We are grateful to Drs. Tak W. Mak, Shigeyoshi Itohara, and Junichi Miyazaki for providing PTEN^loxP, MMP2-KO, and CAG-CAT^loxP/loxP-EGFP mice, respectively. We also thank Hiroaki Kanki, Akihiko Yoshimura, and Naoki Mochizuki for the gifts of Nestin antibody, SOCS3 antibody, and the RFP-CrkI construct, respectively. We are grateful to Tokuko Harada, Fumiko Ozawa, Shiho Nakamura, and Satoe Banno for mouse care. We thank Okano Laboratory (Shinjuku-ku, Tokyo, Japan) members, Professor Yoshiaki Toyama, and members of the SCI research group. We thank Douglas Sipp (Keio University, Shinjuku-ku, Tokyo, Japan) for invaluable comments on the manuscript.

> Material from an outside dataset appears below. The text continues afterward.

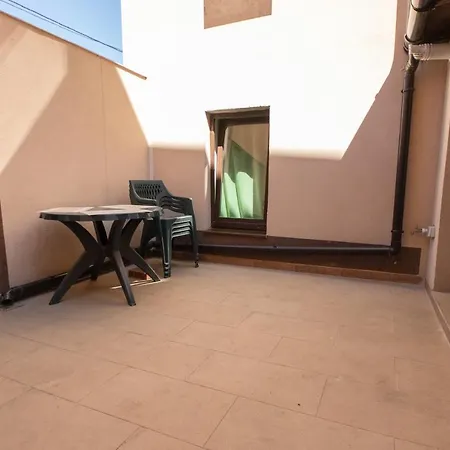 Appartement Holidays Summer Vibes Mamaia Nord Năvodari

This work was supported by fellowships from the Japan Society for Promotion of Science (P07451), as well as grants-in-aid for scientific research from Japan Society for Promotion of Science (Kakenhi grant WakateB 22700342) and Ministry of Education, Culture, Sports, Science and Technology (Kakenhi grant number WakateB 16K21360), Keio University (Sakaguchi fund), the Naito Foundation, and a medical research grant on traffic accidents from the General Insurance Association of Japan (to F. Renault-Mihara).

H. Okano is a paid scientific advisor of SanBio, Co., Ltd., and K Pharma, Inc., and M. Nakamura is a paid scientific advisor of K Pharma, Inc.

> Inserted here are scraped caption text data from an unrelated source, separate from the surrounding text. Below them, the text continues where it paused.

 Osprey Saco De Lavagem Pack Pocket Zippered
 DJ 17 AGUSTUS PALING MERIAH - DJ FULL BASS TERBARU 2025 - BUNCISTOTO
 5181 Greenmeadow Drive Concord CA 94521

The authors declare no further competing financial interests.

Author contributions: F. Renault-Mihara conceived the study, designed and carried out the experiments, analyzed the data, and wrote the manuscript. H. Kumamaru and S. Okada characterized the different strains of Nestin reporter mice. F. Renault-Mihara, M. Mukaino, M. Shinozaki, M. Baudoux, T. Ishibashi, S. Kawabata, Y. Nishiyama, K. Sugai, and H. Kumamaru performed spinal cord injuries. S. Kawase participated in plasmid preparation. K. Yasutake performed cryostat sectioning. M. Nakamura and H. Okano supervised the study and edited the manuscript.